* _What you should do_
In the records below, the lines between the one holding "Mini First Hatchback, Petrol, 2010, White" and the one holding "Panel radiator na may koneksyon sa ilalim", inclusive, are to be transcribed exactly; no pictures are to be included.

***** Material to process *****

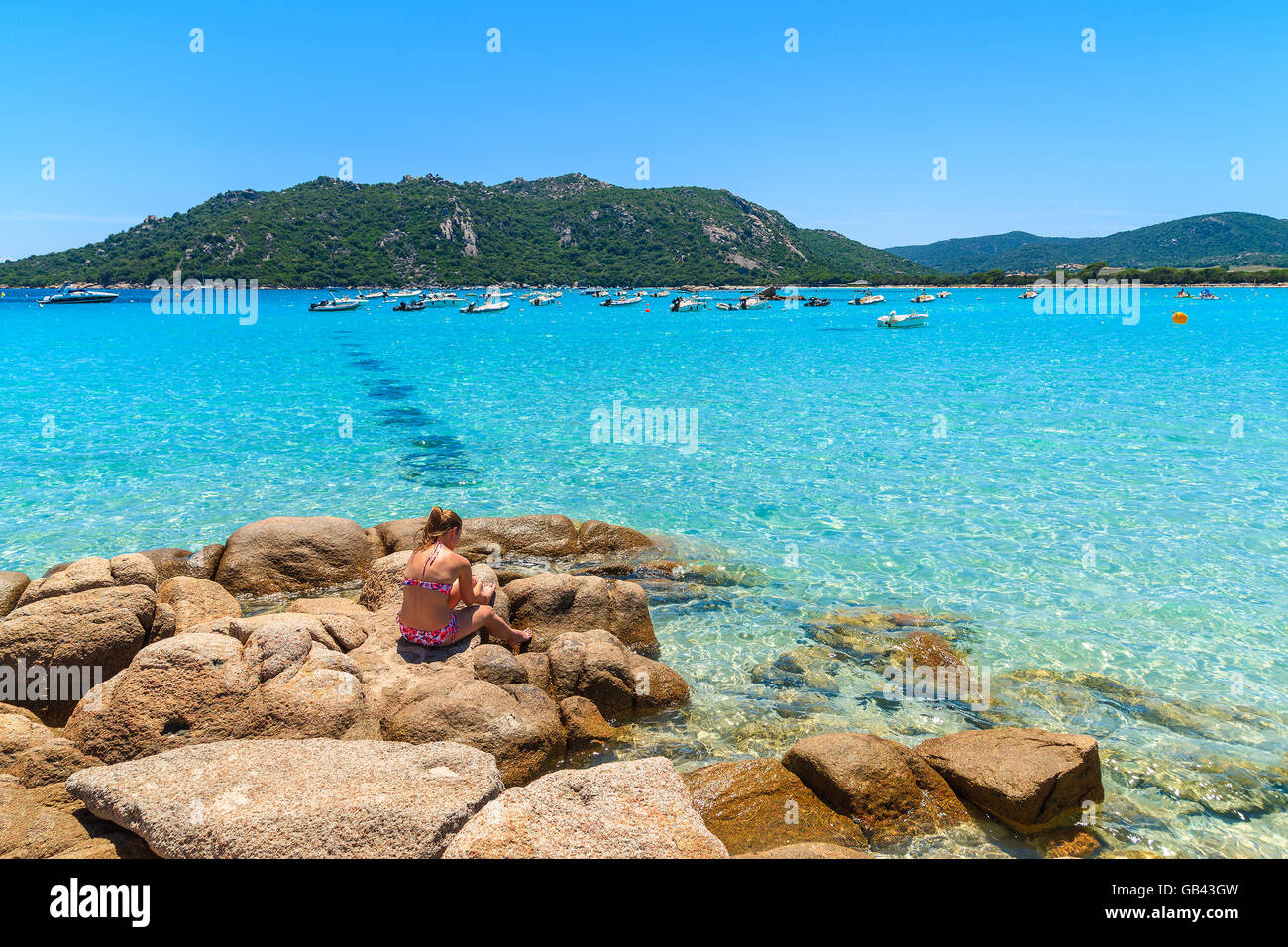 Jeune femme de détente sur la plage de Santa giulia, Corse, France Banque D'Images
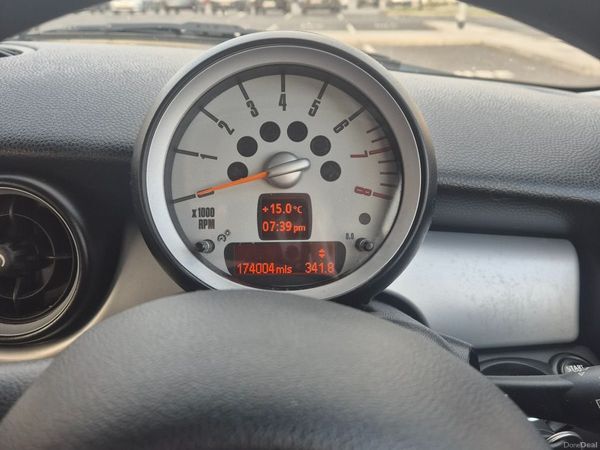 Mini First Hatchback, Petrol, 2010, White
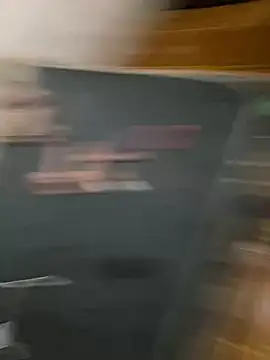 pareja-dispuesta online show from October 11, 10:41 pm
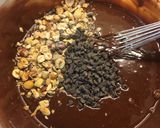 Foto del paso 7 de la receta Brownie -Muerte por Chocolate- y avellanas  🍫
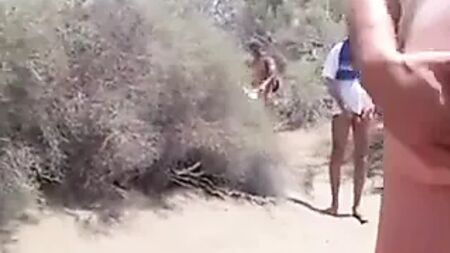 Deixar a mulher fazer uma masturbação manual a um estranho na praia TTT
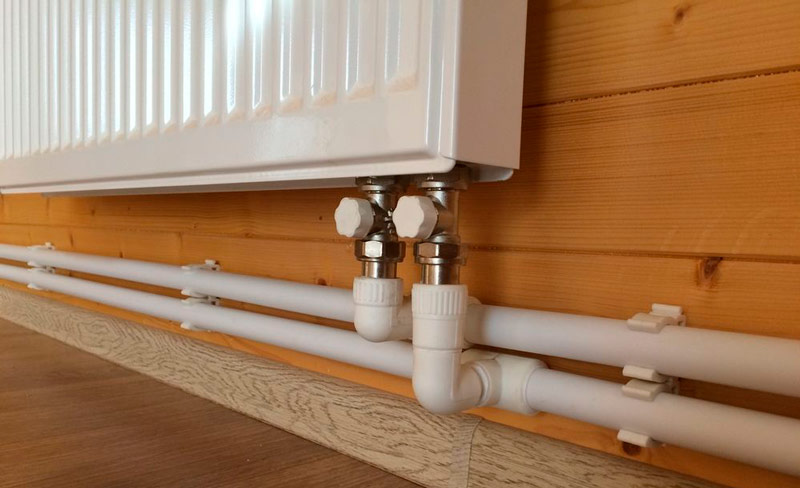 Panel radiator na may koneksyon sa ilalim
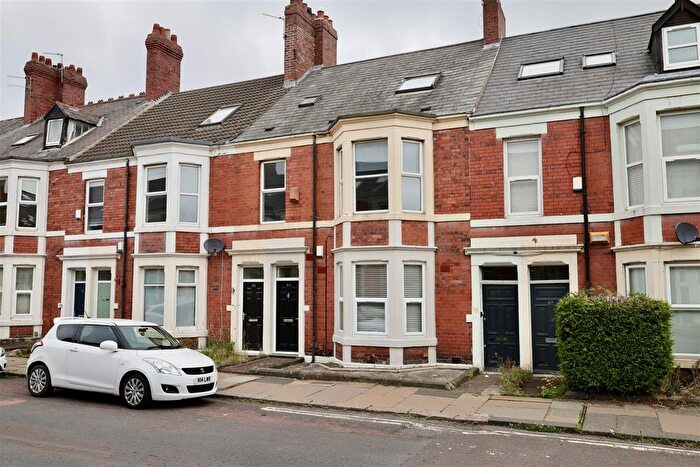 3 Bedroom Flat To Rent In Forsyth Road, Newcastle Upon Tyne, NE2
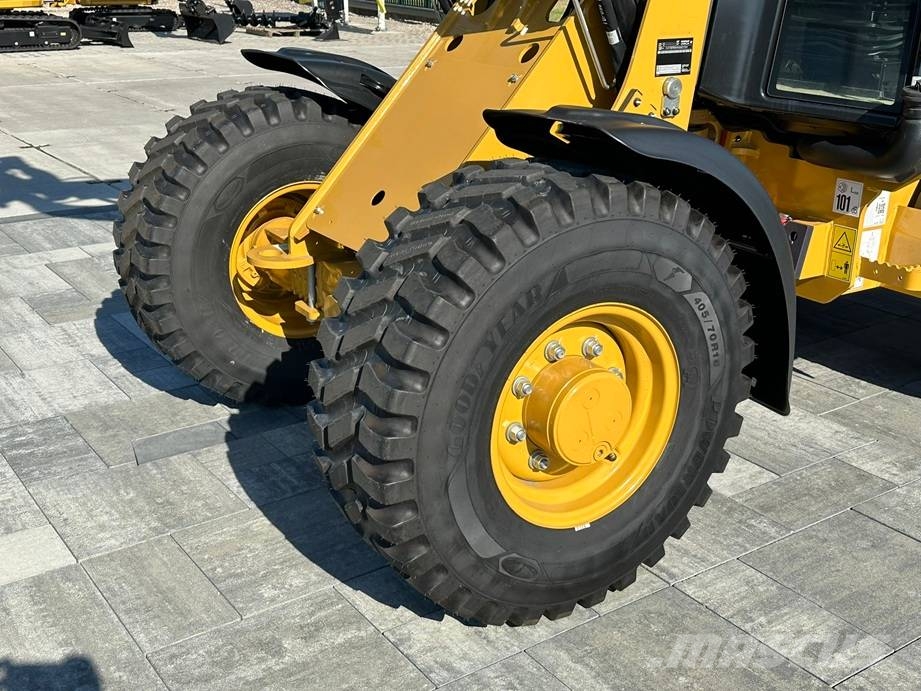CAT 906 Kolesové nakladače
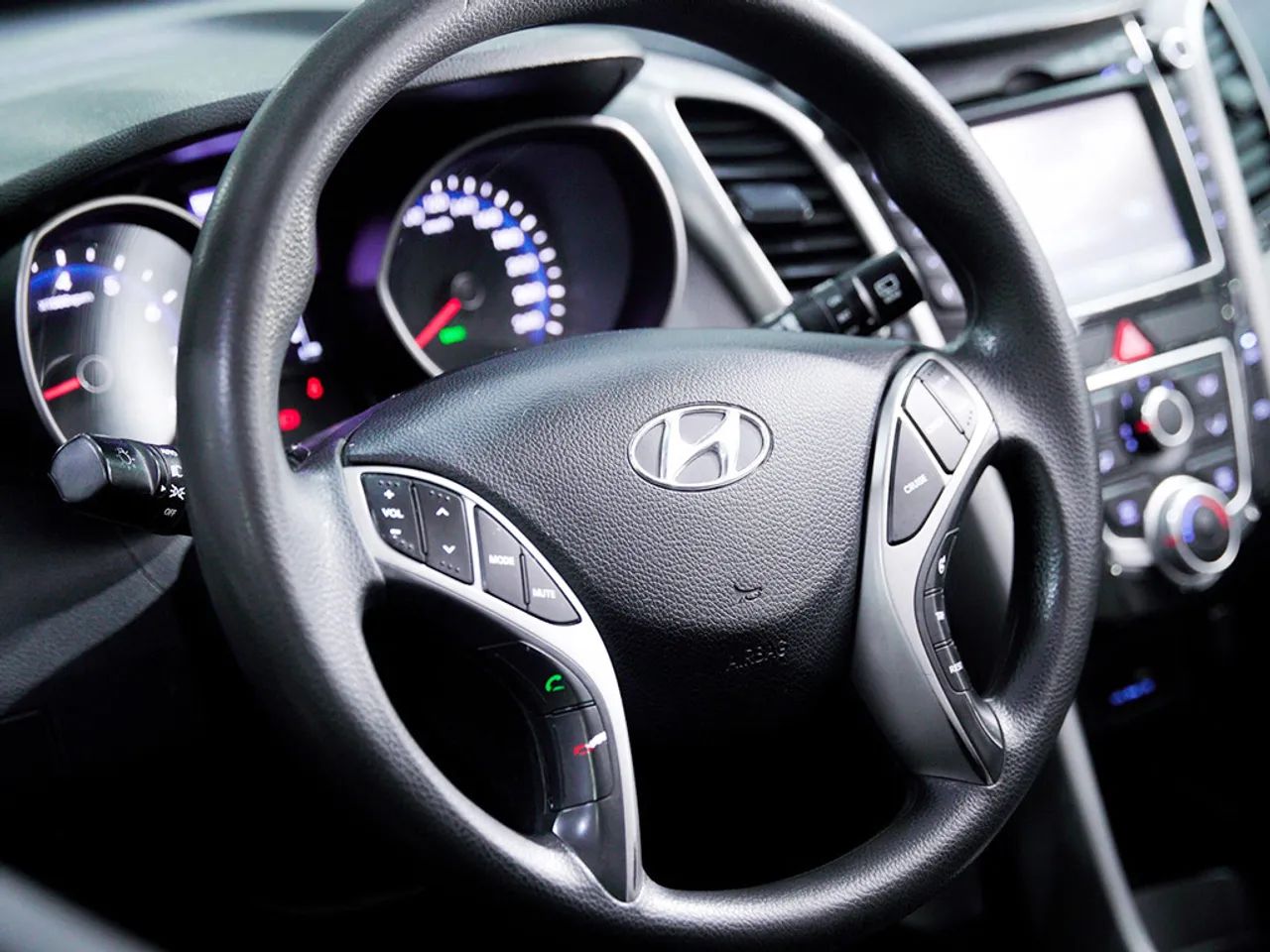 Hyundai i30 1.8 16V Aut. 5p, foto 5 de 20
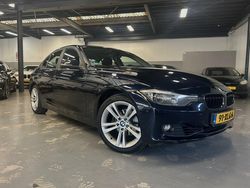 Blauw Gebruikt 2012 BMW 320 Executive Sedan | € 8.894 (Goede deal)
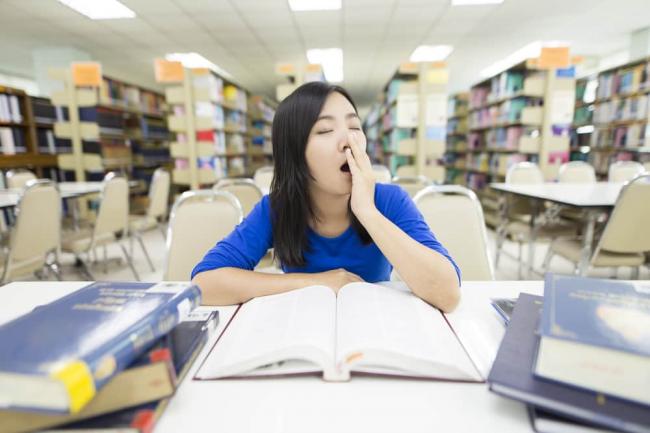 Sering Mengantuk Padahal Sudah Cukup Tidur? Ini 5 Penyebabnya!
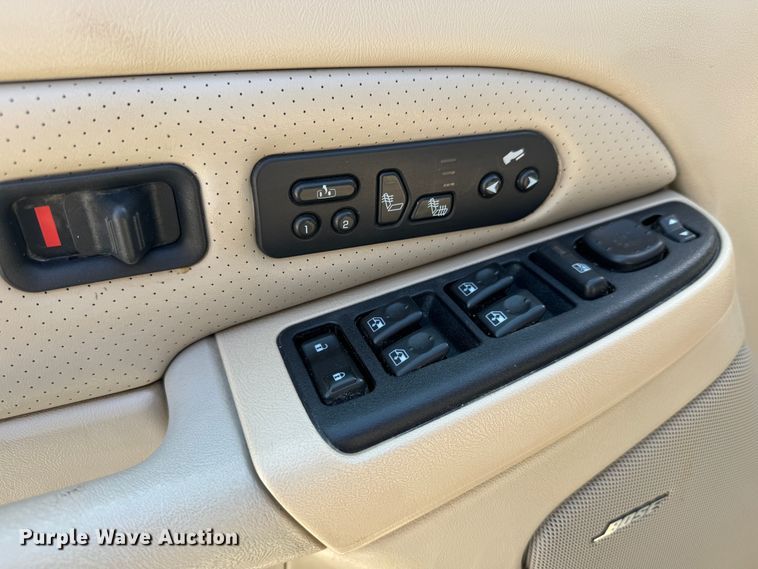 image for item MV9098 2004 Cadillac  Escalade ESV SUV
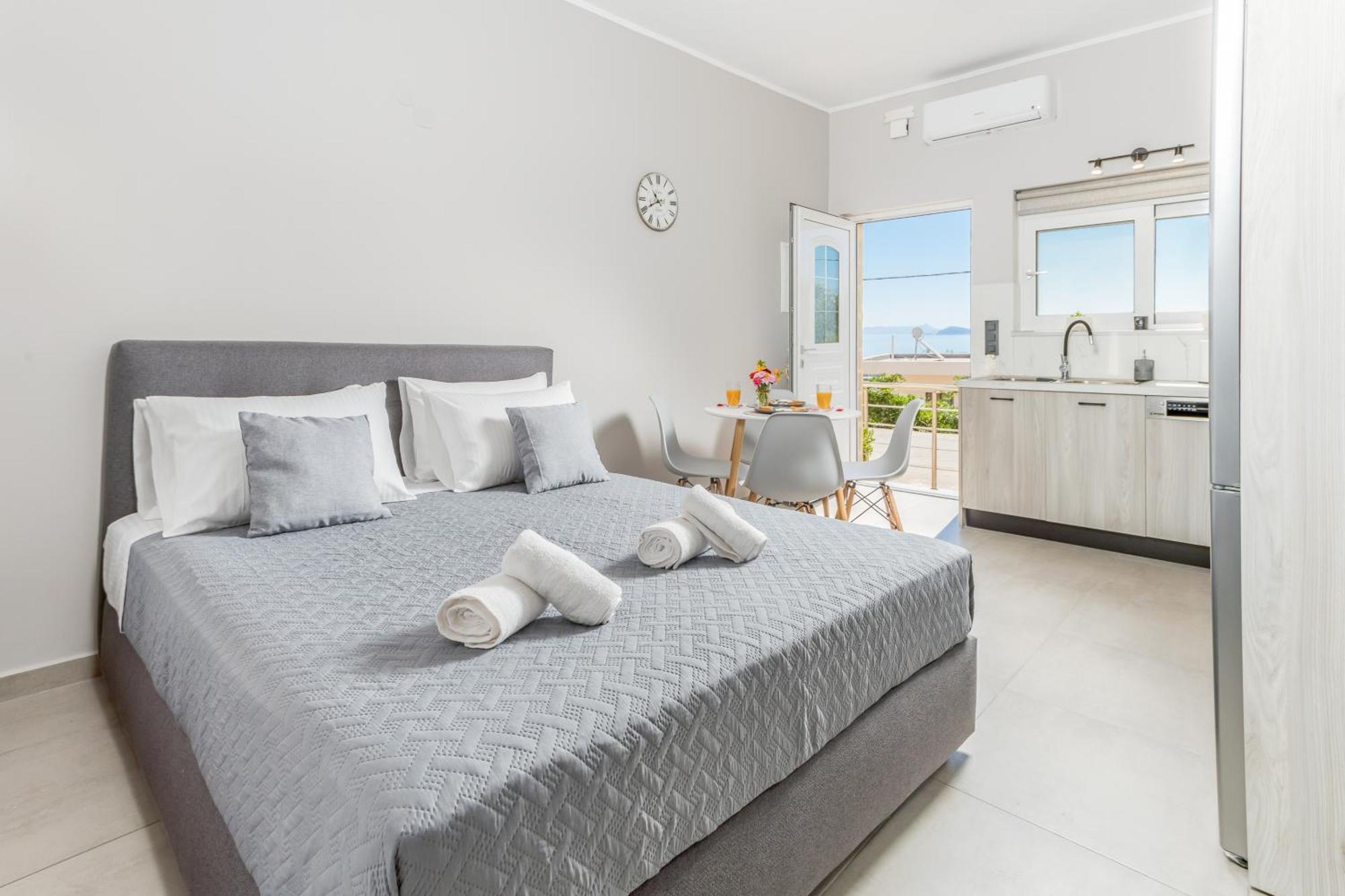 Petra'S Charming Home, 500M To Beach La Canea Esterno foto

*****

* _Answer for the task_
 Mini First Hatchback, Petrol, 2010, White
 pareja-dispuesta online show from October 11, 10:41 pm
 Foto del paso 7 de la receta Brownie -Muerte por Chocolate- y avellanas  🍫
 Deixar a mulher fazer uma masturbação manual a um estranho na praia TTT
 Panel radiator na may koneksyon sa ilalim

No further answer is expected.